光景ワレズ

KOUKEI-Warez photography

寒煙

MINOLTA CLE / Elmar 5cm F3.5 (FP4 PLUS)

インド旅行記(30)

バラナシから夜行列車に乗り、コルカタについたのは翌日の昼頃のことだった。 コルカタの街はより高級店とスラムのあからさまな格差が今までに訪れた街以上に見える程度で、全体的に都会ではあったがあまりおもしろいところはなかった。例によってバックパッカーが集う通りがあり、そこではまた例によって何の目的かわからないが話しかけてくるパターンの奴がいたりと、勿論良い人もいたがもう終盤ではいつものことという程度にしか捉えられなかった。
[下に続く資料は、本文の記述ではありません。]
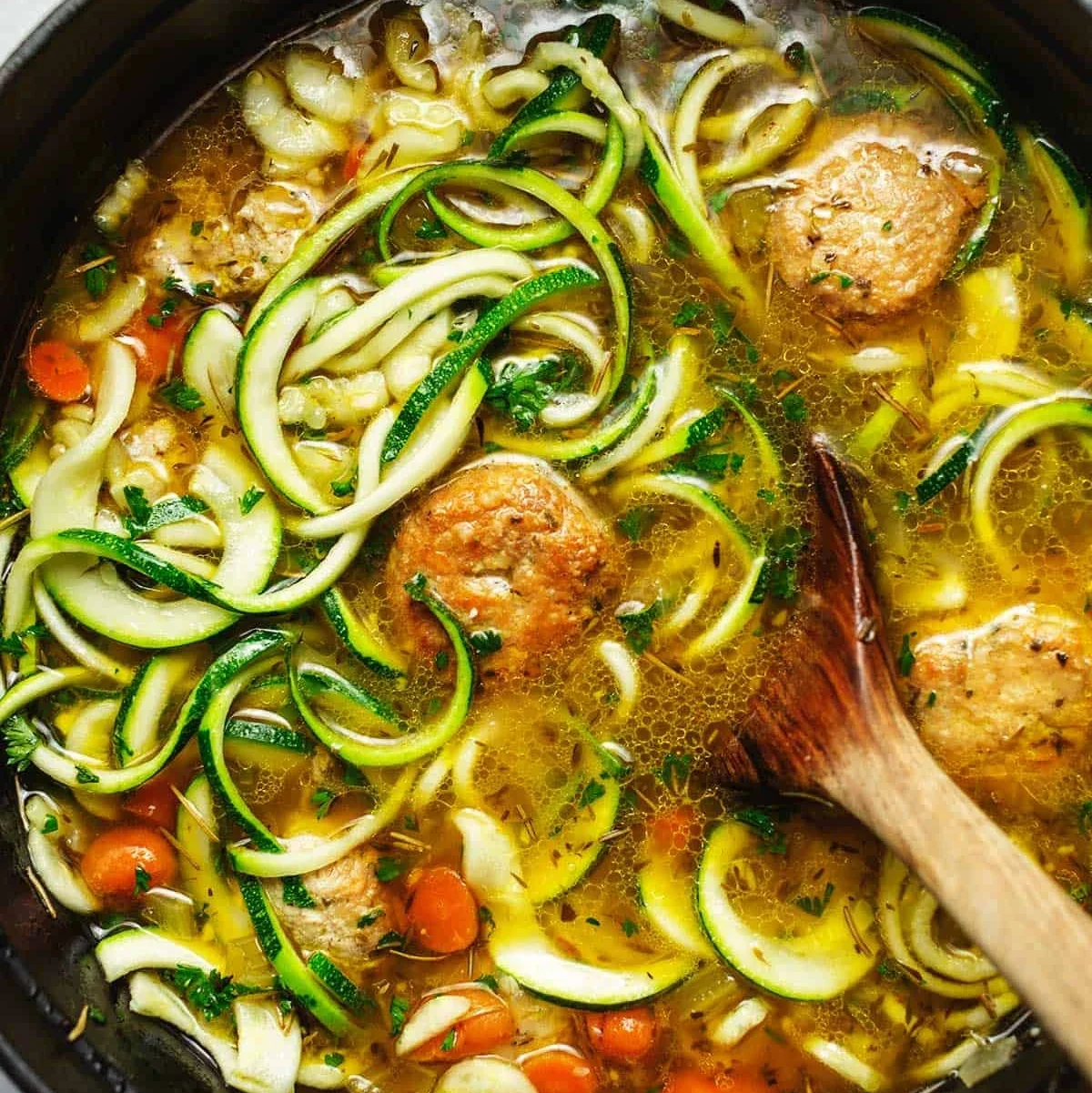 Chicken Meatballs with Zucchini Noodles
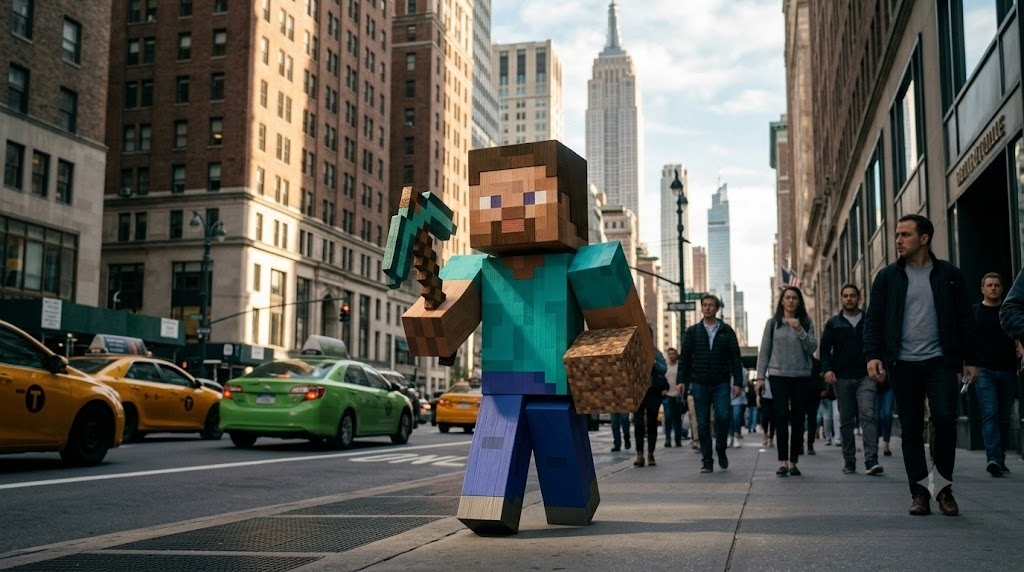 Minecraft steve in inrl in new york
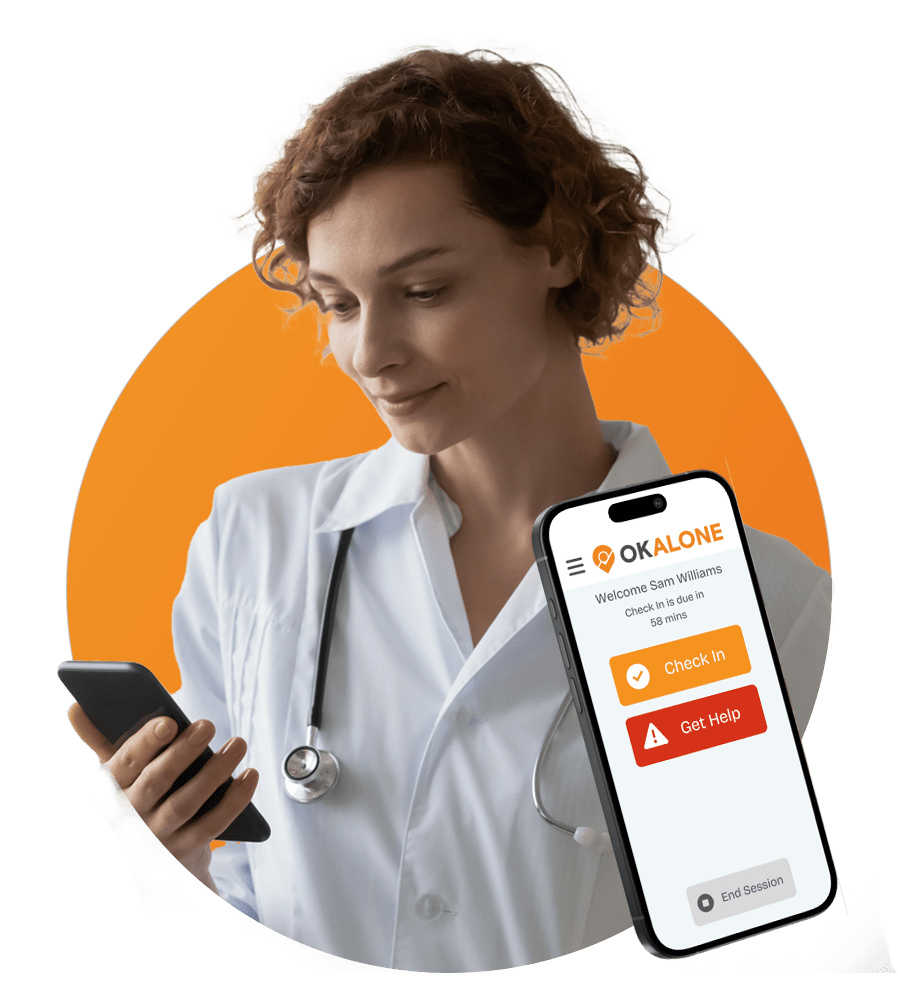 Healthcare nurse looking down at the best safety app - Healthcare worker safety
この街の飯屋であった日本人の人(帰ってきてからもお会いした。だいたい似たようなことをやっている人は似たようなクラスタに属するのでなかなか趣味も合う好青年であった)のおすすめもありインド旅行最後の朝は寺院に行って宗教儀式を見学したのだが、その際にもどさくさにまぎれて金をせびってくるやつがいたのには流石に苦笑してしまった。ただ、狭い寺院の中すし詰めで赤い花を投げながらなにやら口々に詠唱する様子を見ると、やはりなんというか宗教らしいなんともいえない迫力と気迫のようなものが感じられた。そしてその流れでこの寺院で有名な生け贄の儀式を見学した。子ヤギの脚を縛り付けてナタで一気に首を生きたまま落とすのだ。比較的淡々とコトは進むものの、ヤギも脚を縛られたあたりで最期を悟ったように鳴き声が変わる。ネットの動画でこの程度のものであれば見たことはあるが、ナマで首と胴体が離れた後も少し声をだすヤギの顔を見るとなんとも言えない気持ちになる。それはもちろん、可哀想とか残酷とか、あるいはなんか簡単にスパッといくねぇとか、あるいは人間なんだから他の生物の命をいただいてですねだとか、肉はやっぱりラムっぽい色だったとか、そういう数十種類の感情が一挙に混ざった気持ち、だ。